The second part analyzes how three Canadian and three U.S. credit unions use their surpluses--in very different ways--to return value to members.
The report says the implications for credit unions are:
Shared surplus is a productive way to think about member value, economic or otherwise. The simplest way to return shared surplus is in extraordinary dividends, but just as valid are the approaches where the surplus is deliberately reinvested in a layered loyalty program that promotes patronage or even in a service delivery model that reinforces the brand.
Credit unions should pay more than lip service to loyalty. In a competitive environment, credit unions have a strategic advantage of being able to use surplus profits in a way that generates loyalty. Loyalty programs from both the literature and the report's case studies serve the needs of members and of the credit union as an institution. Members benefit from an improved value proposition, while the credit unions improve their competitive position and create incentives that are good enough to change the behavior of their members without eroding their profit margins.

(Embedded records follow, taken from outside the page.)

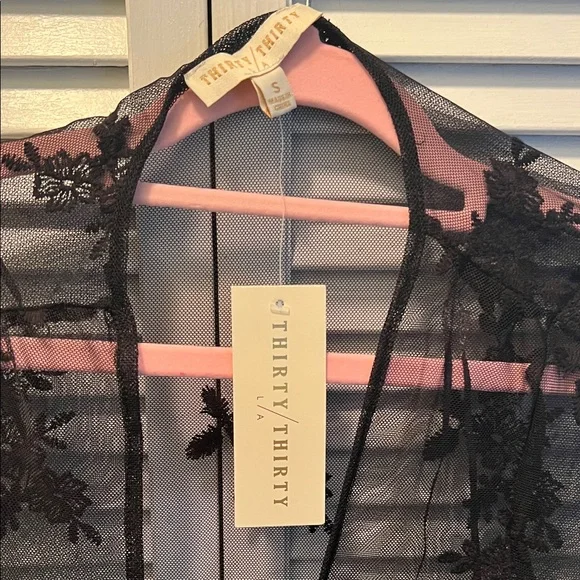 #1444** Black Sheer Lace Top - Picture 4 of 7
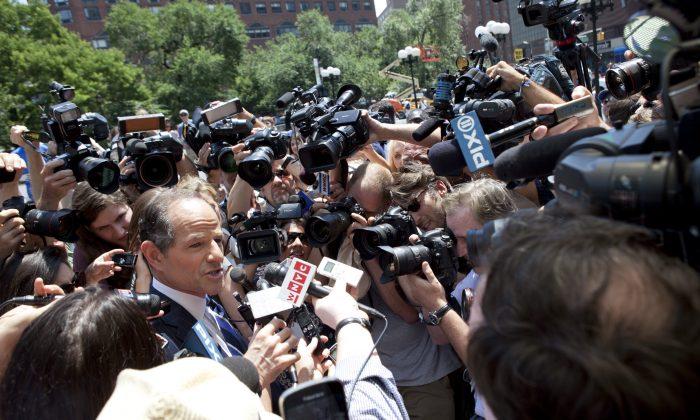 15 Photos of Eliot Spitzer Surrounded in Union Square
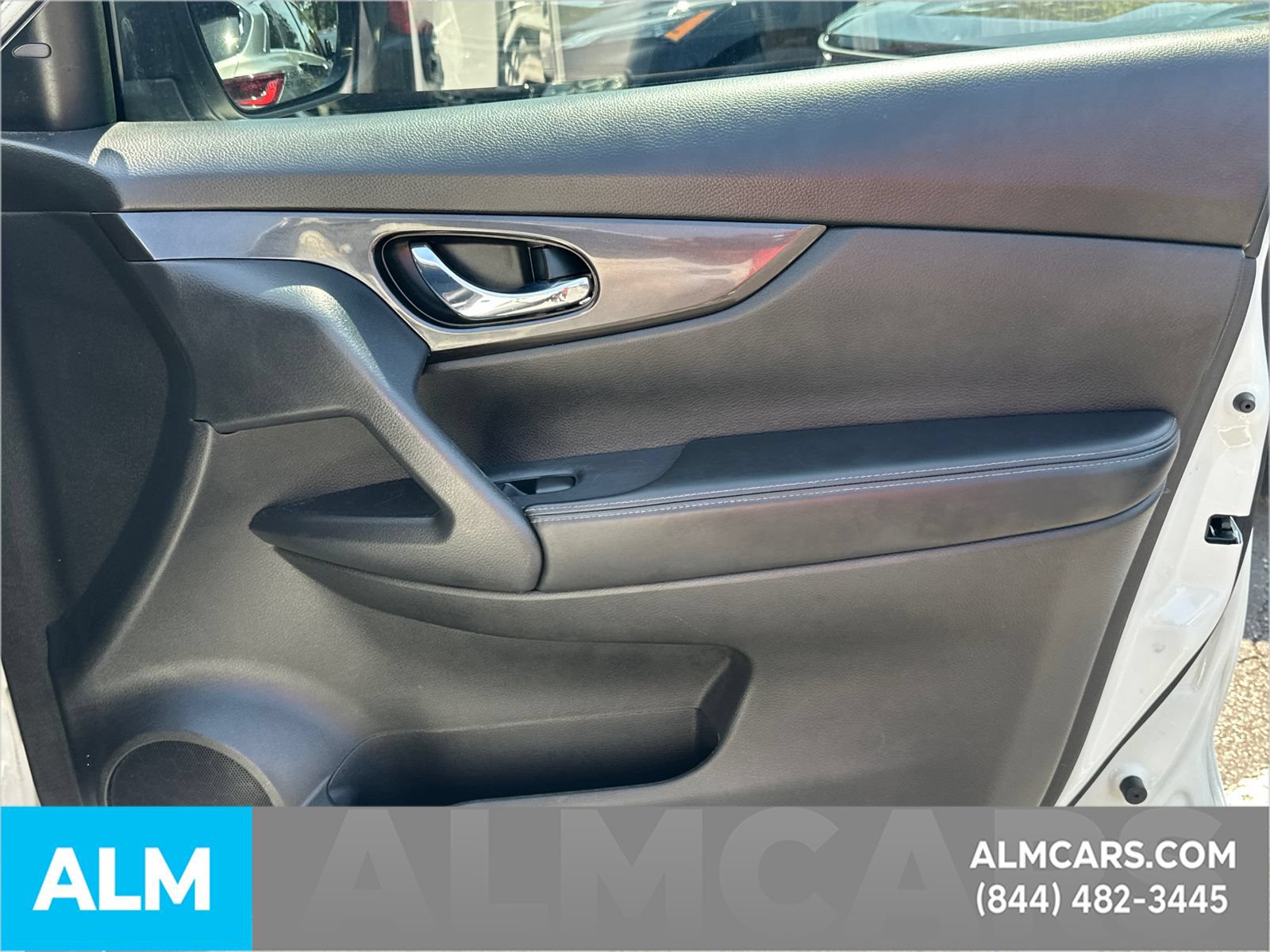 Used 2020 Nissan Rogue SV FWD image 16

Rewards-based loyalty programs are not costly to operate. The main component of the budget to set up and maintain such a program is tied to the cost of rewards themselves. More salient are the design behind the program and how a patronage- or loyalty-based program will encourage deeper interaction with the credit union. Some of the case studies describe large, sophisticated credit unions, but others show that being small does not prevent running effective loyalty or rewards programs.
To access the report, use the link.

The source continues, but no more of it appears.